Brief - Could you print the stretch of lines below from the one with "Building Photo - 3201 Merrydale Dr" through the one with "丝瓜炒毛豆的做法步骤2", exactly as they stand and without any pictures?

Provided records -
◆ ◆ ◆ ◆ ◆ ◆ ◆
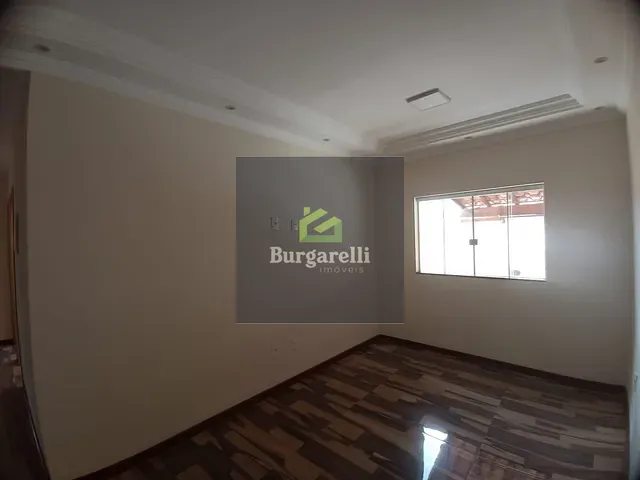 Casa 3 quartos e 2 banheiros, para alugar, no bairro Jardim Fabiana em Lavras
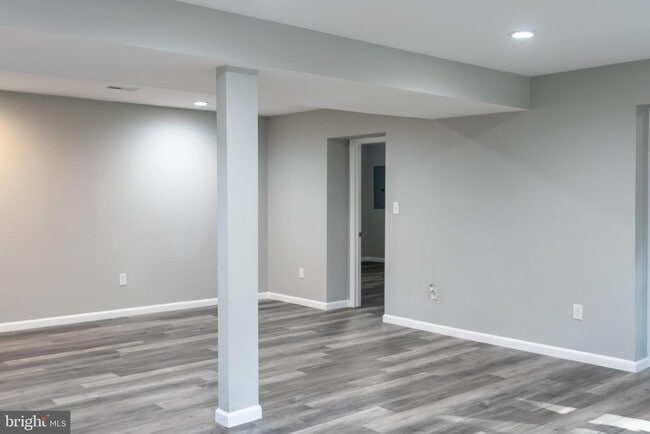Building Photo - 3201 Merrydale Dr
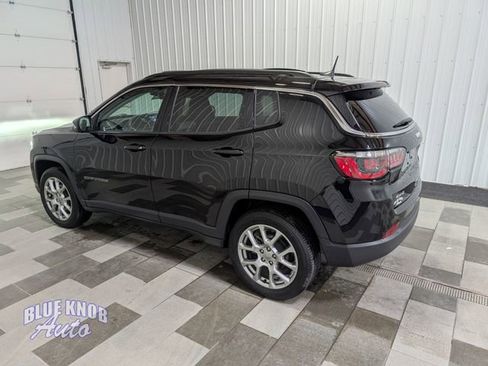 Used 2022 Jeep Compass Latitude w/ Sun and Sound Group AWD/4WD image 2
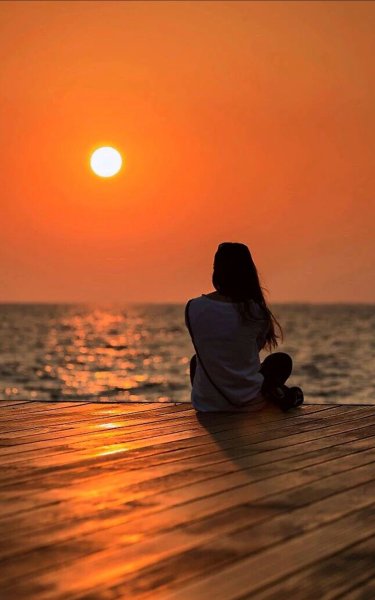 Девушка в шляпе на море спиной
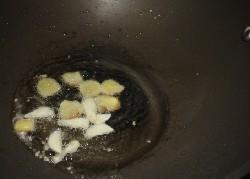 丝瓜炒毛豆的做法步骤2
◆ ◆ ◆ ◆ ◆ ◆ ◆
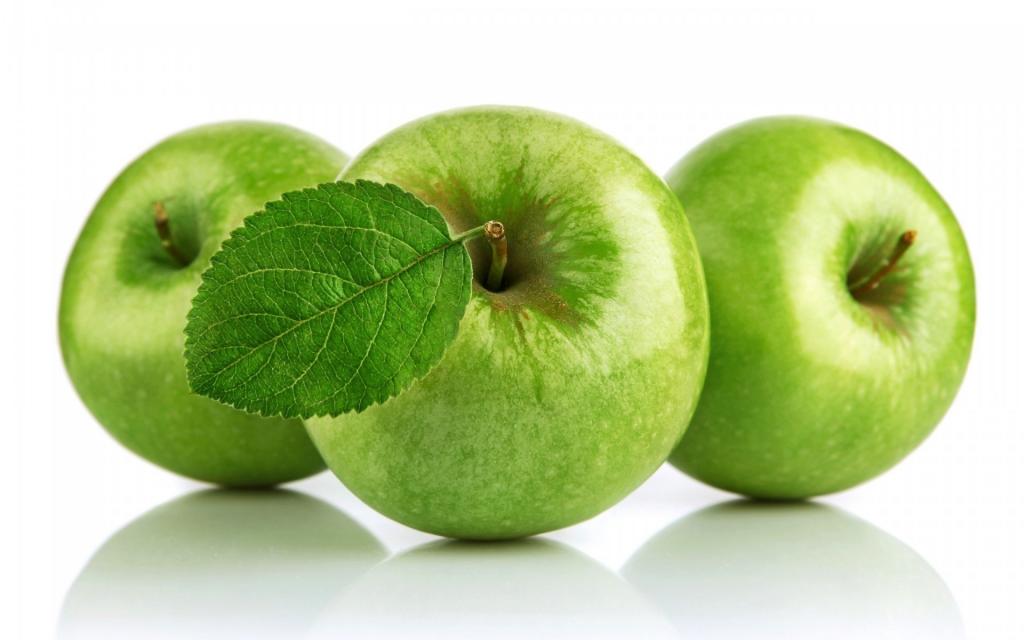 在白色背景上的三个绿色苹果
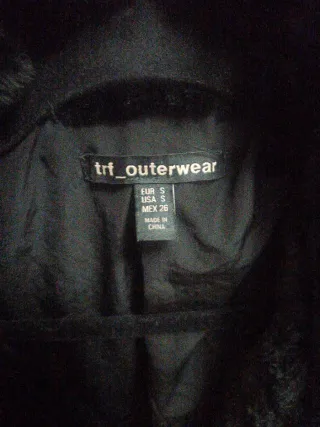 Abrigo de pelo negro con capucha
◆ ◆ ◆ ◆ ◆ ◆ ◆
Solved problem -
Building Photo - 3201 Merrydale Dr
 Used 2022 Jeep Compass Latitude w/ Sun and Sound Group AWD/4WD image 2
 Девушка в шляпе на море спиной
 丝瓜炒毛豆的做法步骤2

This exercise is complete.